[Regional restrictions and pricing
Steam allows developers and publishers to change prices and restrict game availability depending on the user’s location. This can cause some games to cost more than retail prices, despite digital distribution removing the costs of manufacturing, packaging, design, and logistics.
Valve also restricts game registration to the buyer’s country of residence. One example of this regional restriction can be seen where Valve uses Steam’s authentication to prevent boxed versions of their games sold in Russia and Thailand, which are priced significantly lower than elsewhere, from being used outside those territories.
Steam offers products in three currencies; US Dollar, Euro and Pound Sterling. The currency is selected automatically based on the user’s location, and cannot be changed.
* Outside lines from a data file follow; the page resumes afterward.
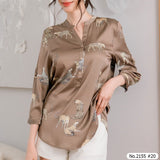 Maristar : No.2155 เสื้อแขนยาวพิมพ์ลาย | Printed Long Sleeve Blouse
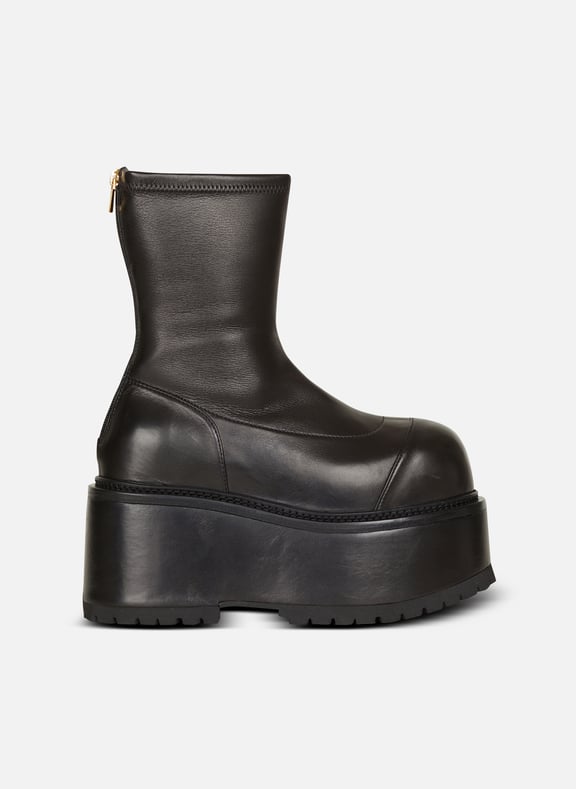 Bottes à plateforme en cuir Noir by BALMAIN BALMAIN Bottes à plateforme en cuir Noir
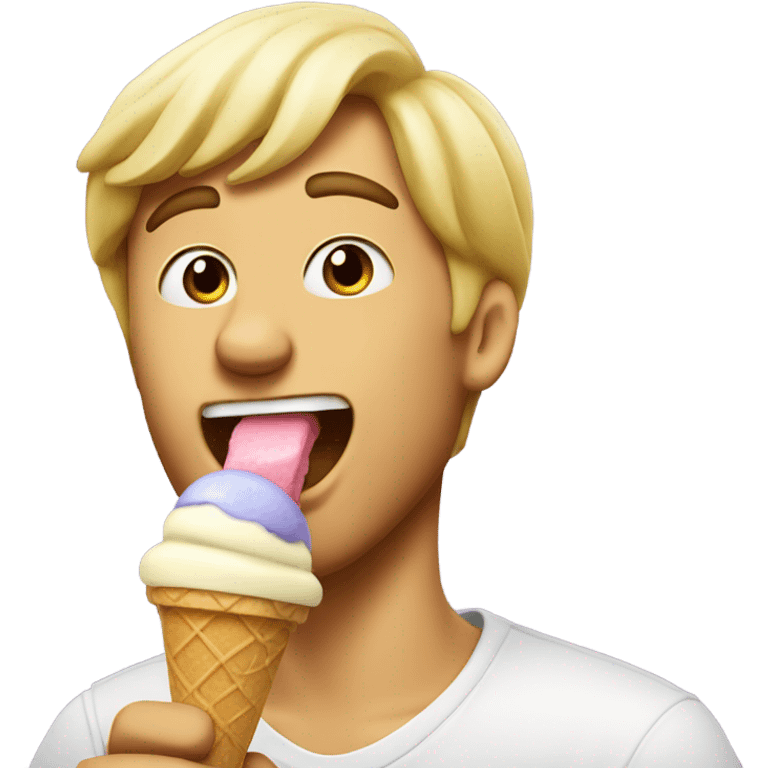 Guy licking ice cream emoji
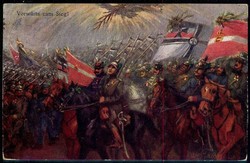 Patriotische Karte aus der Zeit des I. WK, hier 'Vorwärts zum Sieg!' ...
Due to how Steam handles the US Dollar to Euro/Pound Sterling conversion, prices in Eurozone countries are often much higher than in the United States, which has led to much criticism from European Steam users since the Euro support was introduced on December 12, 2008.
It is necessary to validate every Steam game online, whether purchased via Steam itself or installed via a retail disc, the first time it is played, although an offline mode is available.
According to the Steam Subscriber Agreement, Steam’s availability is not guaranteed and Valve is under no legal obligation to release an update disabling the authentication system in the event that Steam becomes permanently unavailable.
Despite this, Gabe Newell, CEO of Valve, said in a post on the Steam User Forums that “Unless there was some situation I don’t understand, we would presumably disable authentication before any event that would preclude the authentication servers from being available.” He added, "We’ve tested disabling authentication and it works.